Click here, in the download area is a free excel tool to calculate
those numbers.
Key Elements for Working Capital Management
•
Improvement of working capital unlocks frozen liquid funds,
increase the free cash flow and reduce the inventory- and
capital costs. (n.b. Free Cash Flow = [Operating Cash Flow] +
[Investment Cash Flow])
•
Consciously improvement of working capital processes
release in average 20% - 30% tight capital.
•
The value of the company increase by re-investing the
released funds. In consqueence the turnover rise what will
lead to a better operational cash flow by sametime reducing
capital costs (same conditions assumed)
•
Working Capital is also an indicator for an upcoming crisis. If
working capital rise faster than the turnover it means that more
capital must have been used that is at the end of the day just
locked in operational processes. About three years before a
liquidity crisis the ratio of [WC] / [Balance Sheet Total]
increase clearly.
Managing Working Capital
Working Capital is per definition the short term part of a general
ledger (see above). But it will be managed also by long term driven
positions. Short Term: operational processes (Purchase, Sales,
Payments). Long Term: liquidity effective procedures like the
disposal of fixed assets for cash or repayment of long term liabilities
and also change in equity for capital fund.
Approach for Improvment
A) Vendors
Don’t
•
Don’t start to extend payments to suppliers - at the end the
end the customer is paying.
•
Especially key-vendors are essential. If those vendors stop to
deliver, you are unable to produce anything.
•
Reminders for late payment, evil calls or bad credit-worthiness
are the consequences.
•
Among troubles, what costs also time and money, you will
enter into a risk to get worse conditions for existing and new
vendors and certainly also banks.
Instead
•
Prioritize verndors and segregate them for todays and future
deliveries as well as for financial processes.
•
Rate your vendors individually, i.e. for readiness for deliver,
quality of the deliveries, financial health, conditions. How
vendors can be ratet is part of our article in our news-corner
here as an example for banks..
•
At least yearly negotiations with vendors. Time for personal
meetings are well invested, instead just simple letters like:
“beginning with next month, we pay your invoices 4 days
later”.
Read also our article about vendor management here.
B) Inventory
Don’t
•
Reduction of a safety stock can cost much more as it seems to
be on a paper.
•
The consequences start with higher delivery costs, because a
lower stock increase the number of orders per cycle. Higher
prices arise in the following because of scale-effects and also
potential dissatisfaction of customers need to be considered
because they don’t get their products in the right time.
•
Impacts on turnover based incentives for the sales staff and
the management may lead to troubles up to resignation and
dismissals.
Instead
•
Deversify between semi-finished goods and finished goods.

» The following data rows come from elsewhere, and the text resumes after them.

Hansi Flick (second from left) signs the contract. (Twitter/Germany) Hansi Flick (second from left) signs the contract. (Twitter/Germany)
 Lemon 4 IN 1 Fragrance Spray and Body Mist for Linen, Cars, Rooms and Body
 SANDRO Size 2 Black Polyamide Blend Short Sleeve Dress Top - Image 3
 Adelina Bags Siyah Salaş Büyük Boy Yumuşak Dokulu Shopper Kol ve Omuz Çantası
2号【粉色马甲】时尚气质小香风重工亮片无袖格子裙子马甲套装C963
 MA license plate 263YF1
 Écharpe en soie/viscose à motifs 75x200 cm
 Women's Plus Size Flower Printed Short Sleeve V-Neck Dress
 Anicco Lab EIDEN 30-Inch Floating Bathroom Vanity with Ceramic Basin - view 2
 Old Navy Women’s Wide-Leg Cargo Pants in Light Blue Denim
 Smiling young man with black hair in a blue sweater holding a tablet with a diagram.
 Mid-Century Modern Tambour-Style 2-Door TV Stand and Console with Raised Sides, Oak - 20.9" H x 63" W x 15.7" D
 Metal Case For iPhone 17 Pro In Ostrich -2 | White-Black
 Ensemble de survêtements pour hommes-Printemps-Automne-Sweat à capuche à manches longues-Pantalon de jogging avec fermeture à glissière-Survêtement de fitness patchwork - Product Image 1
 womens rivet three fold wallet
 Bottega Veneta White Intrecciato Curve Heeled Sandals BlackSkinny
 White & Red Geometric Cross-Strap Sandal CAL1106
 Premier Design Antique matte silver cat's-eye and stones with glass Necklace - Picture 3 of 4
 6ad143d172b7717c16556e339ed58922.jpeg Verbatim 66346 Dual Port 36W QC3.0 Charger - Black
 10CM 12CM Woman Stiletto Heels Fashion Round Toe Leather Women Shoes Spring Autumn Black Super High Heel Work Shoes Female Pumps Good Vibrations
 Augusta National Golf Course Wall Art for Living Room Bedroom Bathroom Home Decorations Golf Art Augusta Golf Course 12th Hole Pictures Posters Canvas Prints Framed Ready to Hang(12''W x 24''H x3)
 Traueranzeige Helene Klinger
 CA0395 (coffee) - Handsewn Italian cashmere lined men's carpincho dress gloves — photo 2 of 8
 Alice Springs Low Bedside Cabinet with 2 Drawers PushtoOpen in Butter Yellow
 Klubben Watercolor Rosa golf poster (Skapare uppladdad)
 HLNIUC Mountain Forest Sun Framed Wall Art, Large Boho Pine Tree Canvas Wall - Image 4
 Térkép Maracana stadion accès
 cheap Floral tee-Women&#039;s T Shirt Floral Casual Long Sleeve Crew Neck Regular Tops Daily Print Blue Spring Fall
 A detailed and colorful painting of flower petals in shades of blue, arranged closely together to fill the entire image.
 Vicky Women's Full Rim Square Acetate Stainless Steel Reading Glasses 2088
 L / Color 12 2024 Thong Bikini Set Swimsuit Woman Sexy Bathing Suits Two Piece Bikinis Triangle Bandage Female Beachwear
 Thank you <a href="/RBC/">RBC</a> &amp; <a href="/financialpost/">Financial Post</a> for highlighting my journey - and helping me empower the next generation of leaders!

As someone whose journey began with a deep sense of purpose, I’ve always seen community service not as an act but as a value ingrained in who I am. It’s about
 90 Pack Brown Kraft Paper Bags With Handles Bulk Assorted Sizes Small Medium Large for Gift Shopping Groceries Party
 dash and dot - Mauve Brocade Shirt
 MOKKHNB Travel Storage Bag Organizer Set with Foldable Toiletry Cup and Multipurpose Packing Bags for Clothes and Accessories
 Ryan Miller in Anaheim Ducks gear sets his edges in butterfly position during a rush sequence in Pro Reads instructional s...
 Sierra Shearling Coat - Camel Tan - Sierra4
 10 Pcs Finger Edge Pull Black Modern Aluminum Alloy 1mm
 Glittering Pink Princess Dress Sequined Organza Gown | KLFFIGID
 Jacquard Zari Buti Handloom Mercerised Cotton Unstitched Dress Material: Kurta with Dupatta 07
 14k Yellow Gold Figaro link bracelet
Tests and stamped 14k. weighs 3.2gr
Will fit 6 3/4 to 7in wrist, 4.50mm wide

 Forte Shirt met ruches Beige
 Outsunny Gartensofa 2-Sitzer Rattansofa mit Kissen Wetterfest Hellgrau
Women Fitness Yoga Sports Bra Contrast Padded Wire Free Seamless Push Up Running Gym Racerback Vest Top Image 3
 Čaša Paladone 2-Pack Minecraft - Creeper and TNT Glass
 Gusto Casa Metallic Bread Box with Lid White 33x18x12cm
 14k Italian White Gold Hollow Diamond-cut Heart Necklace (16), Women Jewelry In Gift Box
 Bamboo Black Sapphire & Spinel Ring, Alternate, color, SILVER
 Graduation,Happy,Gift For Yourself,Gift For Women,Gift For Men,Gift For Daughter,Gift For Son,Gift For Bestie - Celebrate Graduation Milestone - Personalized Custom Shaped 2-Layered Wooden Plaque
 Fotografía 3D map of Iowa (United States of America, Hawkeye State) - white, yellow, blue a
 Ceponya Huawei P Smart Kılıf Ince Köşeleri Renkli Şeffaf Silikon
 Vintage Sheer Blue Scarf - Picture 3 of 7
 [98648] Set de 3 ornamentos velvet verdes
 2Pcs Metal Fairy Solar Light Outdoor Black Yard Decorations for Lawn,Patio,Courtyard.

Semi-finished goods have an impact to the producution and
have therefore just indirect impact to the satisfaction of
customers. Finished goods have an ultimate direct impact to
the customers and therefore to the turnover.
•
Distinguish for goods with high, middle and low inventory
turnover.
•
All goods should be compared by supplier in a matrix and
clustered for the ideal lot size. See also our excel tool to
calculate the ideal lot-size by Andler for free download in our
download area.
C) Customers
Don’t
•
Don’t dictate from one day to the other new payment terms. In
the best case the customers ignore the new terms, but then
nothing is achieved. In the worst case customers quit the
friendship.
•
Every customer is individual. Thus, don’t measure all
customers with the same objectves.
•
Don’t think that customers stay because the product might a
good one.
•
Don’t assume that a customer stays always the same.
Instead
•
Differentiate large and small customers as well as good and
poor payer.
•
Have an interest for the customers of your customer in order to
find out what those 2nd line customers request and how they
behave. Thereby you have a good basis for individual
negotiations. Afterwards you are in a much better position to
discuss more favourite payment and delivery terms.
•
Be consequent with bad payer. Urge them max. twice and go
then further with legal actions. Because it is much wiser to
waive turnover as to spend the products for nothing! Just
alone with turnover on nice sheets nobody can pay their
liabilities. That’s also the reason why turnover is quite a bad
kpi for incentives.
Read more about Working Capital in our article “Working
Capital as Barometer of Effencieny”.
Contact us, we would be glad to show you the possible
opportunities!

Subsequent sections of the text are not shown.